来迎引接(らいこういんじょう)

 衣替えも済み、いよいよ夏へと向かう頃です。この時期、私の故郷では田んぼに植えられた稲が、日に日に成長していく様子が見て取れます。盆地を囲む山々は緑を湛え、至る所で花盛り。私たちの目を楽しませてくれます。

故郷や どちらを見ても 山笑う
                       作 正岡子規

 まさにそんな季節ですが、寂しいお別れがございました。吉川さんという檀家さんが、関東へと引っ越されたのです。老齢であることと、自転車で転倒された時の傷の具合があまり芳しくない為に、息子さんが呼び寄せられたのだそうです。

 吉川さんというと、いつも思い出すお話があります。それは、ご主人がお亡くなりになった時の話でした。
 「あの人は死に際になって、初めて優しい言葉をかけてくれたんです。」吉川さんはそうおっしゃっていました。「もう最期だとわかっていたのでしょう、主人は、主治医の手を握って、涙を流しながら『ありがとう、ありがとう』って繰り返してから、まるで、ついでみたいに私にも『お前にも感謝してるぞ、ありがとう』って、初めて感謝されたんです!」

 その次の日の朝方、急にご主人は目をかっと見開いて、両手を突き上げて「万歳」の格好をされたそうです。「どうしたん、つらいの?どこか痛いの?」と、何を聞いても、何も答えてくれず、今度はその両手を、グーッと前の方に突き出して、その仕草が最後で、お亡くなりになったそうです。

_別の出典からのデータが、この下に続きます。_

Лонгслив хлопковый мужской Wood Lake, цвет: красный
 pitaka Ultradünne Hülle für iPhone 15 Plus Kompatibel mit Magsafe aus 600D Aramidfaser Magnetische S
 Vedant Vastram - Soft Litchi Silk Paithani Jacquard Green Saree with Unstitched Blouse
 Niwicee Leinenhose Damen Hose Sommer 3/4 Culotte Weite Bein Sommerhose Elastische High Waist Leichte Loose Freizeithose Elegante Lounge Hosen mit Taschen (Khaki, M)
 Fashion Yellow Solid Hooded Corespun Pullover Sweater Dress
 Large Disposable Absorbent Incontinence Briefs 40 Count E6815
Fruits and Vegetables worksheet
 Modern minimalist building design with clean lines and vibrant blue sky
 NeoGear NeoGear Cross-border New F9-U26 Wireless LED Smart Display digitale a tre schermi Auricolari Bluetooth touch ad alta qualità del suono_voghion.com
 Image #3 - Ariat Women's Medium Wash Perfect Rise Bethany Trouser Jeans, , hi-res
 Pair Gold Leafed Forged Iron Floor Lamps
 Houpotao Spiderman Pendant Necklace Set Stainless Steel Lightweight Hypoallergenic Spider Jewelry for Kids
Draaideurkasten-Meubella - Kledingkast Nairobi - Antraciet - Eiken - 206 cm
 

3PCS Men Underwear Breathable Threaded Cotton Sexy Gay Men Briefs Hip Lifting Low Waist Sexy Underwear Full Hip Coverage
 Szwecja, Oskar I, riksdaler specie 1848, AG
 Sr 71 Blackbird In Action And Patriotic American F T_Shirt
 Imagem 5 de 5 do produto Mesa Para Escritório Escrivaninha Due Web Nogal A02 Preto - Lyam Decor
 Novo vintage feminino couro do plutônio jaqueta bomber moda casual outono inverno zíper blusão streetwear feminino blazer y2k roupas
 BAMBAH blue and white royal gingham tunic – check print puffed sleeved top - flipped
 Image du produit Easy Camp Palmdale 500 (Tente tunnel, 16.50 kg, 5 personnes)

 …主人の最後のあの仕草なんだったのでしょう?苦しんでいたのでしょうか?だからまだ、極楽に救われてない気がして…心配なんです。」吉川さんは、ご主人をなくされて、間も無い頃、心配そうにお話されていました。

 私は、その仕草が幼子の抱っこをせがむ仕草に思えて仕方がありませんでした。吉川さんは、ご主人が来迎を頂戴しているのを目の当たりにしたに違いありません。
 「とんでもない!それは、間違いなくご主人の事を阿弥陀仏様がおむかえにきたのですよ!」

ただ一向(ひたすら)に念仏だに申せば、仏の来迎は法爾の道理にて疑いなし。
                       「勅修御伝第二十一巻」

 私は、阿弥陀仏様がお誓いになられた、来迎引接についてお伝えさせていただきました。お念仏さえしっかりとお称えさせていただいておれば、阿弥陀仏さまがお迎えにきてくださる、それは、疑いようの無い、間違いない事であると、法然上人は教えてくださっています。

 ちゃんとお念仏をお唱えしてくださっていたご主人を、お誓い通りに阿弥陀仏様はお迎えに来てくださったのですよ。ご主人は、阿弥陀仏様が来てくださったのを目の当たりにして、うれしくて、一刻も早く抱きしめて欲しくて両手を伸ばしたのですよ。来迎を頂いたご主人は、苦しみも治まって、落ち着いた心のまま、極楽に往生されています。だから安心してください。」

 私は、こんなにもはっきりと、来迎を頂戴している方が、近くにいらっしゃった事に感激し、吉川さんと共にそれを喜ばせて頂きました。そのようにお伝えしてからは、ご主人を亡くされたことを御縁として、吉川さんもまたご自身の極楽往生の為に、一生懸命お念仏をお唱えしてくださるようになりました。

 亡き人の為とて手向けし念仏は 生るるわが身の教えなりけり

 春になれば自然と緑が濃くなり、花が芽吹くのは、大地自然の法則です。私たちがお念仏をお唱えすれば、阿弥陀仏様は必ず、臨終の枕元にはお迎えに来てくださる。これもまた、疑いようの無いことなのです。

 「また、お会いしましょう」とお仏壇を引越しのトラックに詰め終わった吉川さんは、おっしゃっていました。福井を遠く離れてしまっても、向こうで必ずやお念仏をお唱えしてくださっているはずです。